Friday 29 November 2013

Cross party to clear the packs

A guest posting by Baroness Tyler

Moving amendments to legislation in the Lords can often feel like an interesting and worthy - but ultimately pointless - activity as often nothing changes.

Not so this week!. I was one of the cross party group of peers who moved an amendment to the Children and Families Bill last week to introduce powers to bring in regulations on standard packaging for cigarettes. My fellow peers were Ilora Finlay (crossbench), Richard Faulkner (Labour), and Ian McColl (Conservative). In the Commons it has also been genuinely cross party endeavour, the campaign being led by MPs including Paul Burstow and Stephen Williams as well as Bob Blackman (Conservative) and Kevin Barron (Labour).

1 December, is the anniversary of the introduction of plain, standardised packaging of cigarettes in Australia. Ireland is going ahead next year as is Scotland, and the Welsh Government and the Northern Ireland Health Minister have all stated their support.

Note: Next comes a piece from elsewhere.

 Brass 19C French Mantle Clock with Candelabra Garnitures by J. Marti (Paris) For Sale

I’m therefore delighted that the Government -finally and after much procrastination - has now decided to propose an amendment to the Children and Families Bill, to give the Secretary of State for Health powers to bring in regulations on standard packs to protect children's health.

I don’t really care that much whether it was all about Lynton Crosby or the fear of an imminent defeat in the House of Lords on our amendment. The fact is that the Government – and in particular No 10 - saw the light and changed its mind. The press coverage, predictably, is all about U turns rather than the substance of the change in the law and the undoubted health benefits to many children and young people both now and in the future.

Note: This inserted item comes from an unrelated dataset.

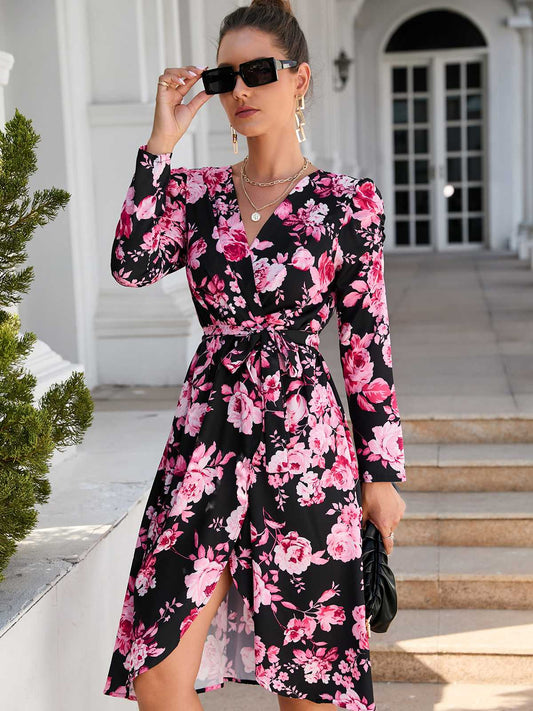 Printed Nipped-In Waist V-Neck Split Long Sleeve Dress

Each year around 200,000 under 16year olds take up smoking , resulting for many in serious health problems in later life and, for some, premature death from smoking related diseases. Of current smokers, more than two thirds report that they started before they were 18 years old, and almost two fifths before they were 16.

The tobacco industry needs these new smokers, as its existing customers quit, become ill or die prematurely. The impact of standardised packs in Australia is already clear. They reduce the mistaken belief that some brands are safer than others, are less attractive to young people and have improved the effectiveness of health warnings. There is a reason why the tobacco lobby has been so incensed by the amendments to the Bill – they know that the design of cigarette packages is a very effective advertising tool.

Most worryingly, it is a tool that is particularly effective on young people. The groups that are most susceptible to the advertising ploys of tobacco manufacturers are also some of society’s most vulnerable; groups to whom the state has a duty of care including children in care. Teenage mothers are another group with a high incidence of smoking, being six times more likely than the average pregnant woman to smoke throughout their pregnancy.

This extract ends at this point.